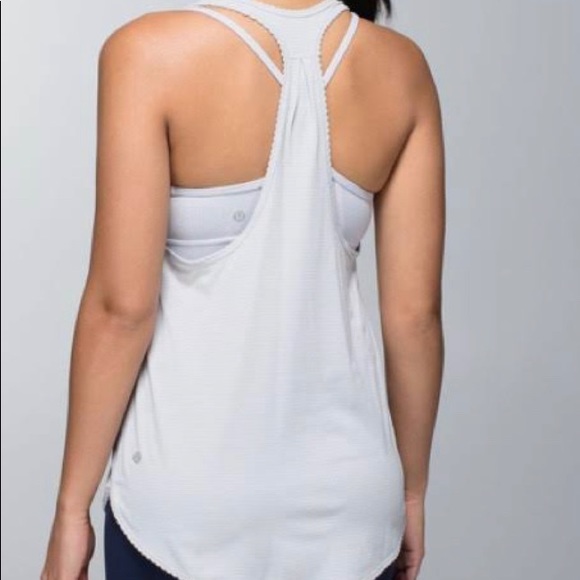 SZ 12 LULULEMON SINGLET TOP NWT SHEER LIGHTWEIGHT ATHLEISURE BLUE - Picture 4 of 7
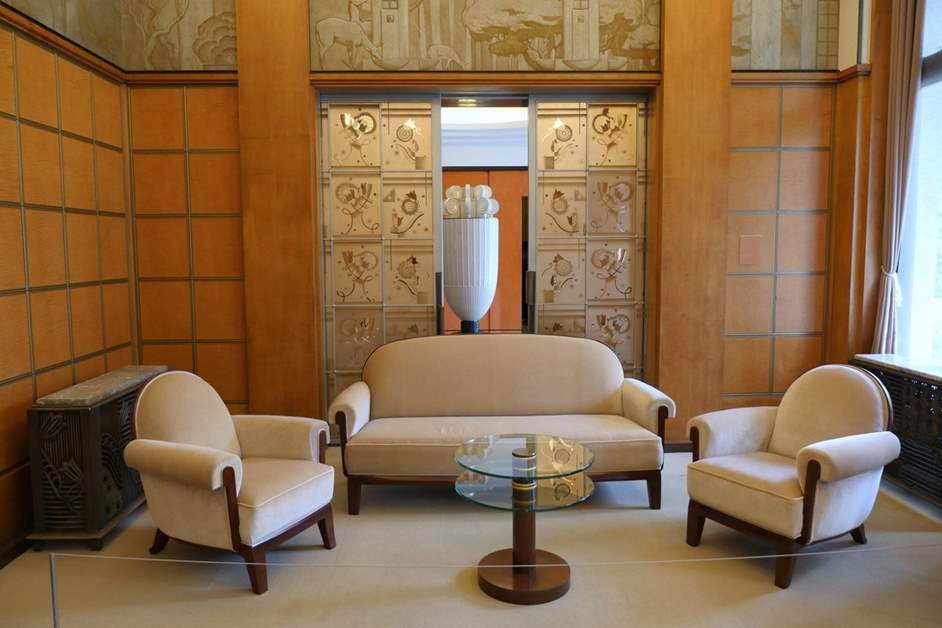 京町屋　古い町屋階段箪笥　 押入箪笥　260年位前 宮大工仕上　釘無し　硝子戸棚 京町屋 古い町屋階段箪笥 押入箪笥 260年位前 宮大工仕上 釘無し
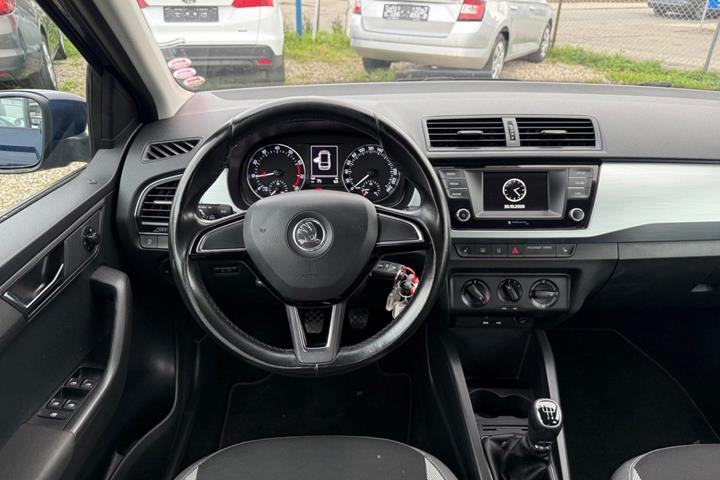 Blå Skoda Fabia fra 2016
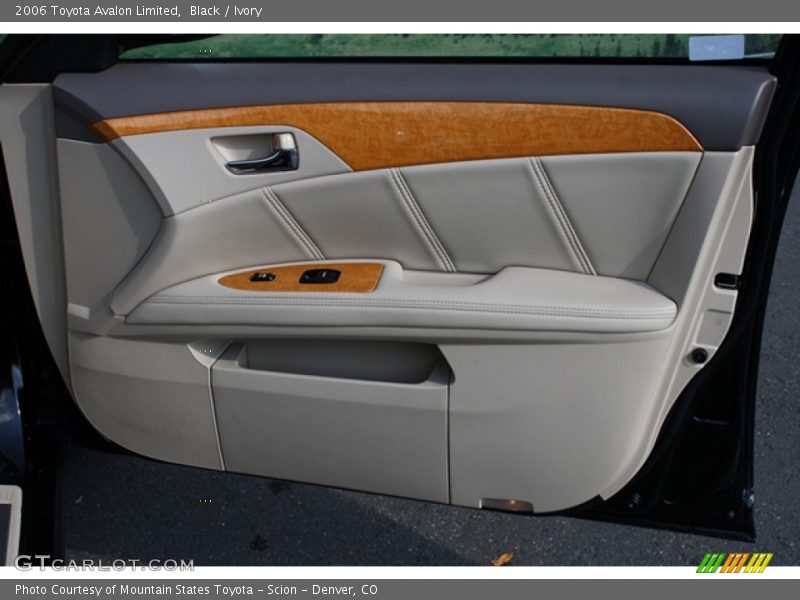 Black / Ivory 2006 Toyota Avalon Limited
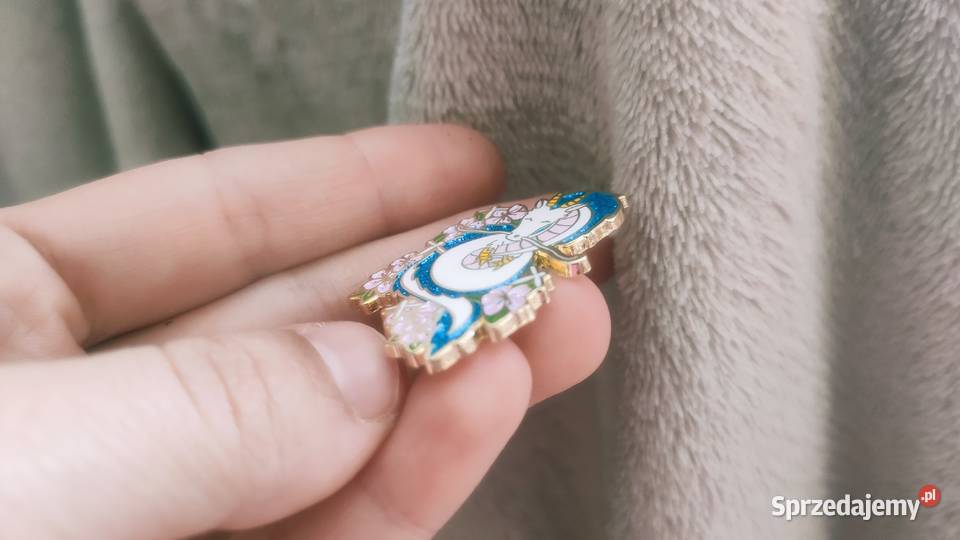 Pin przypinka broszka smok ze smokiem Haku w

TASK STATEMENT
Output a verbatim copy of all entries above; no pictures go in it.

YOUR SOLUTION
 SZ 12 LULULEMON SINGLET TOP NWT SHEER LIGHTWEIGHT ATHLEISURE BLUE - Picture 4 of 7
 京町屋　古い町屋階段箪笥　 押入箪笥　260年位前 宮大工仕上　釘無し　硝子戸棚 京町屋 古い町屋階段箪笥 押入箪笥 260年位前 宮大工仕上 釘無し
 Blå Skoda Fabia fra 2016
 Black / Ivory 2006 Toyota Avalon Limited
 Pin przypinka broszka smok ze smokiem Haku w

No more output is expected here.